▶ **Action item**
Only the text of the entries below should appear in your exact transcription; leave out every picture.

▶ **Material for this task**
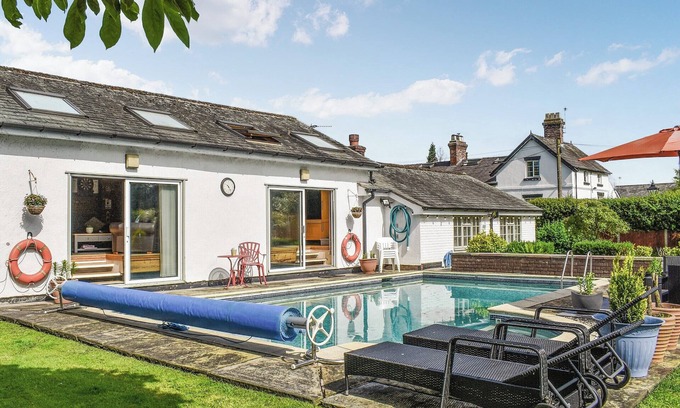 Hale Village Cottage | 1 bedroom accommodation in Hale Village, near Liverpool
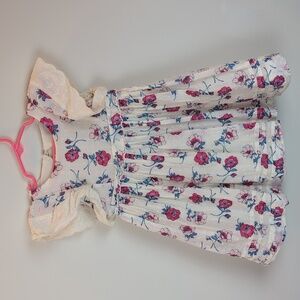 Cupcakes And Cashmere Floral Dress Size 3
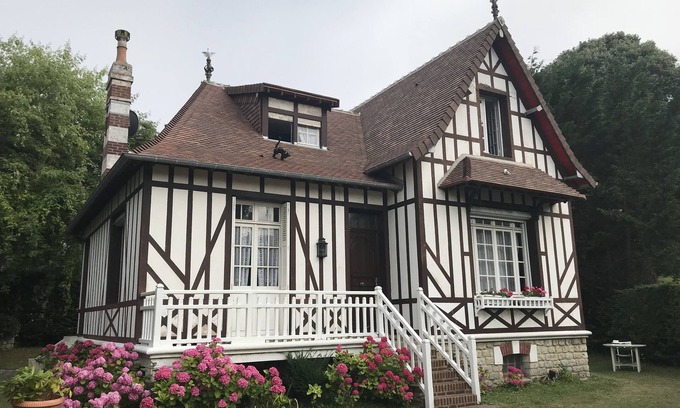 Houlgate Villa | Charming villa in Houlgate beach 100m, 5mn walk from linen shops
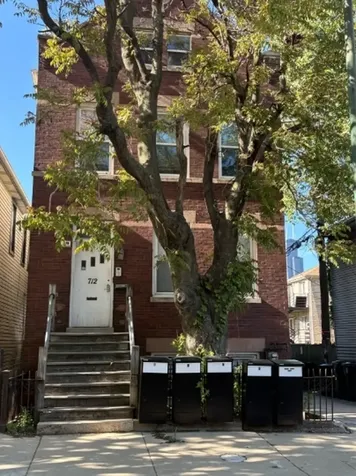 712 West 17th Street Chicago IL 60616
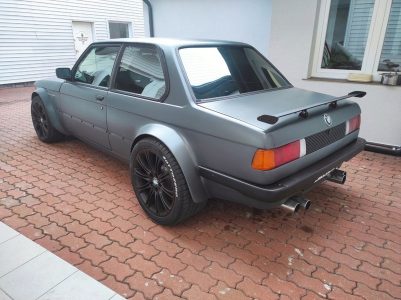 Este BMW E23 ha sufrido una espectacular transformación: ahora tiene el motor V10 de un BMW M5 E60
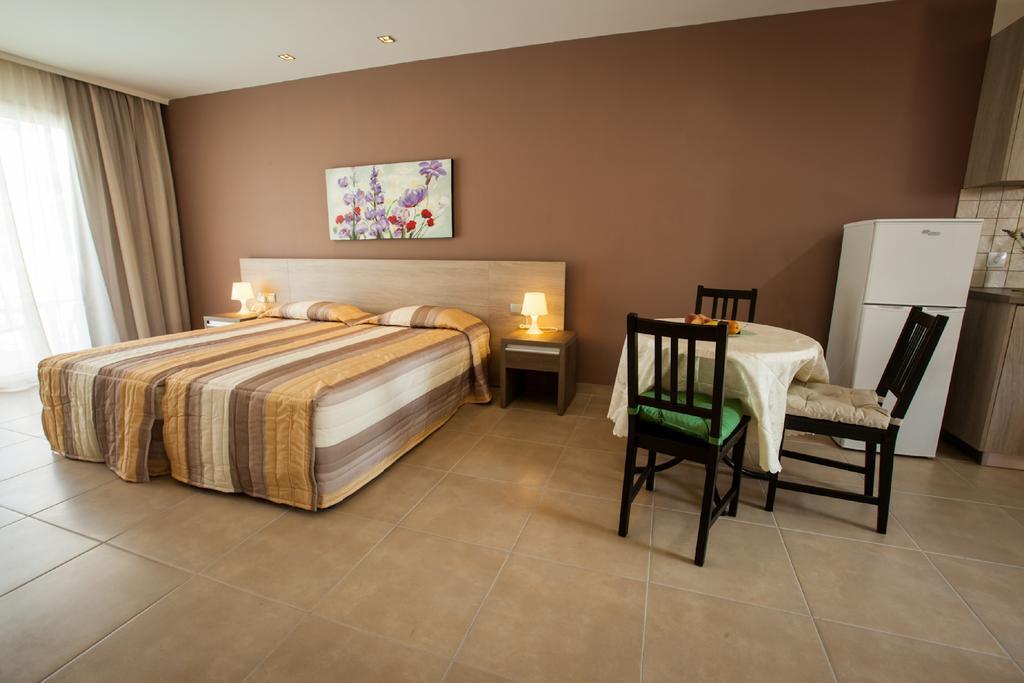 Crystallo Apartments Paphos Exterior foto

▶ **Answer space**
 Hale Village Cottage | 1 bedroom accommodation in Hale Village, near Liverpool
 Cupcakes And Cashmere Floral Dress Size 3
 Houlgate Villa | Charming villa in Houlgate beach 100m, 5mn walk from linen shops
 712 West 17th Street Chicago IL 60616
 Este BMW E23 ha sufrido una espectacular transformación: ahora tiene el motor V10 de un BMW M5 E60
 Crystallo Apartments Paphos Exterior foto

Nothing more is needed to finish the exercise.